October 24, 2014

Surviving and Thriving During Hard Times

Diane Sears | 3/2/2009

Reaching Out to New Markets


[Photo: Jeffrey Camp]

Doug McCree
President and CEO
Company: First Housing
Location: Tampa
Founded: 1978
Employees: 50
Revenue: $6 million in 2007; $5.5 million projected for 2008

Description: Mortgage banking firm specializing in multifamily affordable housing, lending money to apartment developers through partner banks. The company also works with the U.S. Department of Housing and Urban Development on federal programs and financing, and works as a consulting firm for the state of Florida.

Biggest economic challenge: A virtual shutdown of credit markets. “All of the work we do through the FHA program is sold through issuance of Ginnie Mae securities, and that market has been very volatile, just like the other financial markets,” McCree says. “At best, it has raised the lending rates. Sometimes it hasn’t been open and you couldn’t get anyone to buy the securities. It scared some people away.”

Other challenges: A boom in single-family housing construction has left a glut of unoccupied homes on the market. Some renters are filling these, while other renters who have hit hard times are moving back in with family to preserve cash. The upshot: Traditional rental communities aren’t as easily able to fill their properties.

Challenge for 2009: “We’re predicting another very tough year,” McCree says. First Housing hasn’t laid off people, and that’s something he doesn’t want to consider. “In general, profitability is down, but we are monitoring expenses and staff levels. As people leave, we’re re-evaluating whether we can pick up that work through existing staff. We’re also looking to expand business relationships outside of our existing customer base, branching out into neighboring states.”

Survival secrets: Marketing the firm’s consulting experience to organizations that are not in its normal customer base. For instance, about 95% of the firm’s business is within Florida, but First Housing is now approaching other Gulf Coast states that receive federal aid for disaster relief and are not as in tune with government regulations. The firm also is considering providing construction financing and even getting into the property rental business by taking advantage of the depreciated market and acquiring apartment complexes and single-family homes.
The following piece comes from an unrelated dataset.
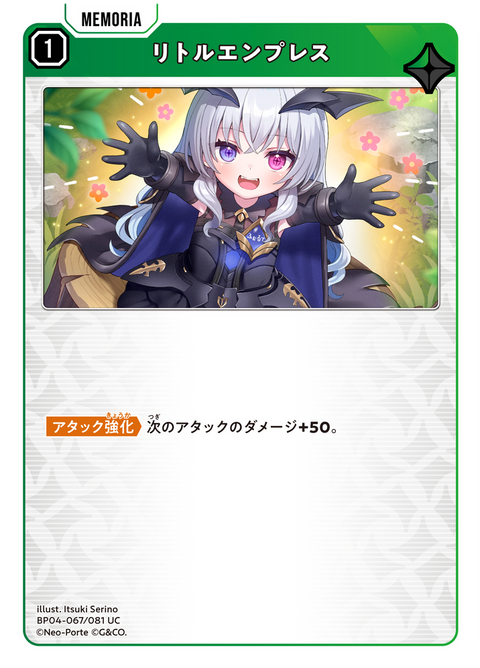 リトルエンプレス（BP04-067）［UC］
Advice for other business owners: “Think outside the box as to who might benefit from your services. Market your expertise or product to that new end user,” McCree says. “It’s one of those things where it might not be as profitable, but it keeps the lights on and it keeps the employees in your shop and positions you to be ready to execute when the market does turn — and it will turn. We don’t want to lose our good talent.